Supplied information:
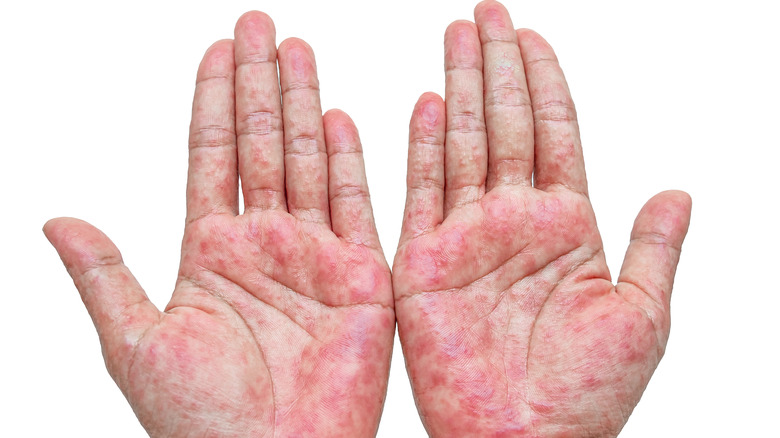 Contact dermatitis rash on the hands 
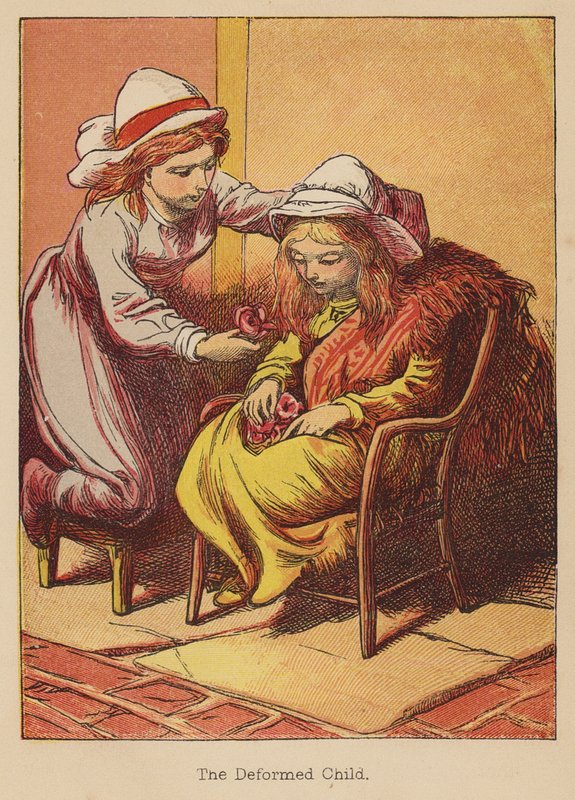 Zdeformowane dziecko (kolorowa rycina) autorstwa Thomas Dalziel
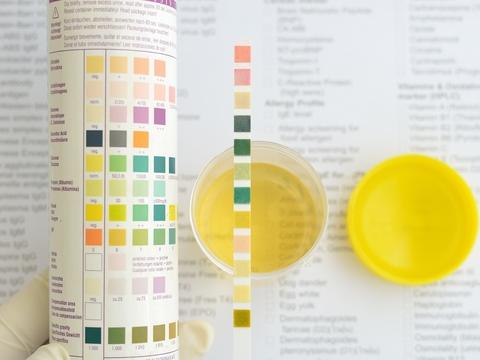 Недостатъчният прием на течности е така опасен, както и прекаляването с тях Недостатъчният прием на течности е така опасен, както и прекаляването с тях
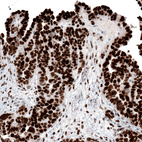 Immunohistochemical staining of human ovarian cancer (papillary carcinoma) shows strong nuclear positivity in tumor cells.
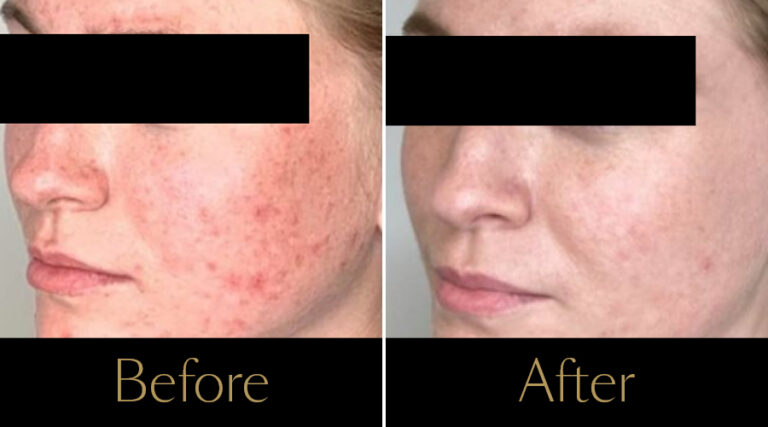 advatx-before-after13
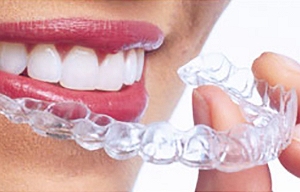tecnica invisalign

Exercise objective: Without any of its pictures, the listing is to be repeated exactly as it stands.

Written response:
 Contact dermatitis rash on the hands 
 Zdeformowane dziecko (kolorowa rycina) autorstwa Thomas Dalziel
 Недостатъчният прием на течности е така опасен, както и прекаляването с тях Недостатъчният прием на течности е така опасен, както и прекаляването с тях
 Immunohistochemical staining of human ovarian cancer (papillary carcinoma) shows strong nuclear positivity in tumor cells.
 advatx-before-after13
tecnica invisalign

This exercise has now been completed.